Пренебрежительное отношение к «Вечерам…» еще можно понять, все-таки книга ранняя, и ее неровности и несообразности (кажущиеся нам пленительными) должны были раздражать далеко вперед шагнувшего автора. Но вот что писал Гоголь 25 января 1837 года своему школьному приятелю Н. Я. Прокоповичу: «Мне страшно вспомнить обо всех своих мараньях. Они в роде грозных обвинителей являются глазам моим. Забвенья, долгого забвенья просит душа. И если бы появилась такая моль, которая бы съела внезапно все экземпляры «Ревизора», а с ними «Арабески», «Вечера» и всю прочую чепуху, и обо мне, в течение долгого времени, ни печатно, ни изустно не произносил никто ни слова – я бы благодарил судьбу». Гоголь мечтает об исчезновении всего им написанного. А написана большая часть того, что ныне стоит на наших полках.

Дело не ограничивается мечтами о фантастической моли. Гоголь упоенно правит старые тексты. Появляется новая редакция «Тараса Бульбы», существенно меняющая рисунок повести, которую автор прежде почитал удачей. Еще более радикально перестраивается «Портрет» – несмотря на то, что большие фрагменты текста сохранились, читатель получает совершенно новую историю (потому и следует печатать и читать «Портрет» в обеих редакциях). Многократно переделывается и подробнейшим образом истолковывается «Ревизор». Чем дальше, тем больше Гоголю мнится, что слово его недостаточно ясно, что не все договорено, что не расслышит Читатель самого главного.

Пугающий и влекущий призрак этого Читателя ни на миг не отпускает Гоголя. Сочинитель и верит в него, в его строгий вкус, высокую взыскательность, духовную требовательность, – и в то же время не верит.

Слово для Гоголя – величайшая сила. Он знал цену своему колдовскому слогу, знал мощь его иррационального воздействия. Совсем не случайно многие поздние интерпретаторы Гоголя, кто с удовлетворением, а кто – с негодованием, говорили об авторе «Ревизора» и «Мертвых душ» как о создателе совершенно фантастических миров, не имеющих каких-либо пересечений с «реальностью». Так, по Розанову (разумеется, упрощая и суммируя его многолетние нервически капризные раздумья), Гоголь выдумал мертвую Россию, а Россия, поддавшись на провокацию, в свою мертвость поверила – и потому умирает. Так, по Набокову (тут и упрощать не надо), Гоголь был чистым художником, забавляющимся свободной игрой сочетания слов. Чего-то подобного Гоголь и страшился. В силе слова его слабость.
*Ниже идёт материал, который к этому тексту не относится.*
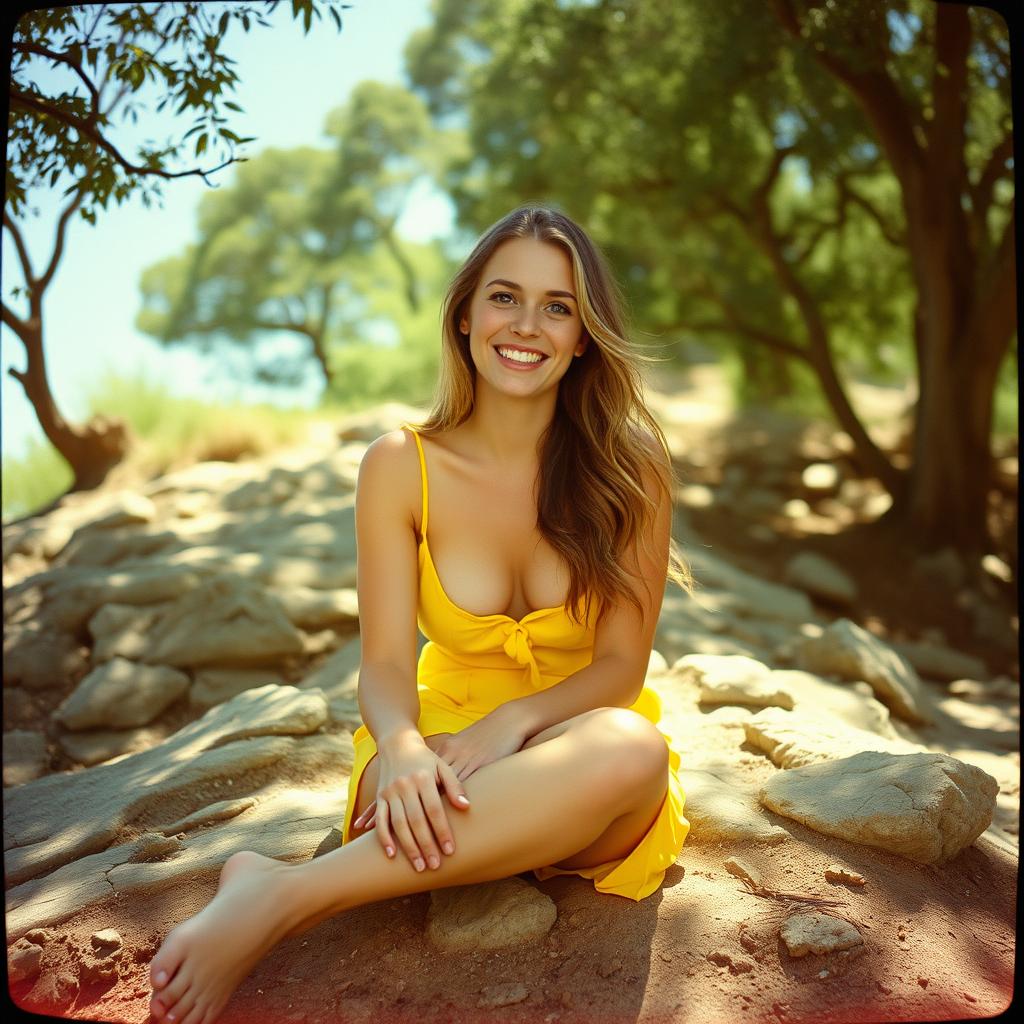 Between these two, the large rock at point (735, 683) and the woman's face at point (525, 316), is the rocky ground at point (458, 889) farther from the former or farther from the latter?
the woman's face at point (525, 316)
Якобы властительная и самодостаточная речь писателя становится убогой, лживой или бессмысленной, если его не слышат либо неверно понимают. Собственно говоря, «антигоголевский» пафос Розанова можно вычитать у самого Гоголя. Если меня поняли ложно, то я и есть лжец и грешник. Потому Гоголю были важны и самые несправедливые, даже нелепые критические суждения, пусть невольно, но указующие на его «слабости». Пушкинское «Ты царь, живи один» было Гоголю глубоко чуждо. Не касаясь вопроса о том, насколько «вписывается» в эту формулу Пушкин (раземеется, далеко не до конца; но и изречена она была совсем не случайно), заметим: критики середины XIX века, Чернышевский, его приверженцы и оппоненты, были в изрядной мере правы, противополагая Пушкина и Гоголя. Как бы ни мифологизировались в «Выбранных местах…» и «Авторской исповеди» отношения «наставника» и «ученика», невозможно забыть и зачина седьмой главы «Мертвых душ»: зазубренное, наверное, десятками тысяч гимназистов и школьников «лирическое отступление о двух писателях». Если называть вещи своими именами – антипушкинское.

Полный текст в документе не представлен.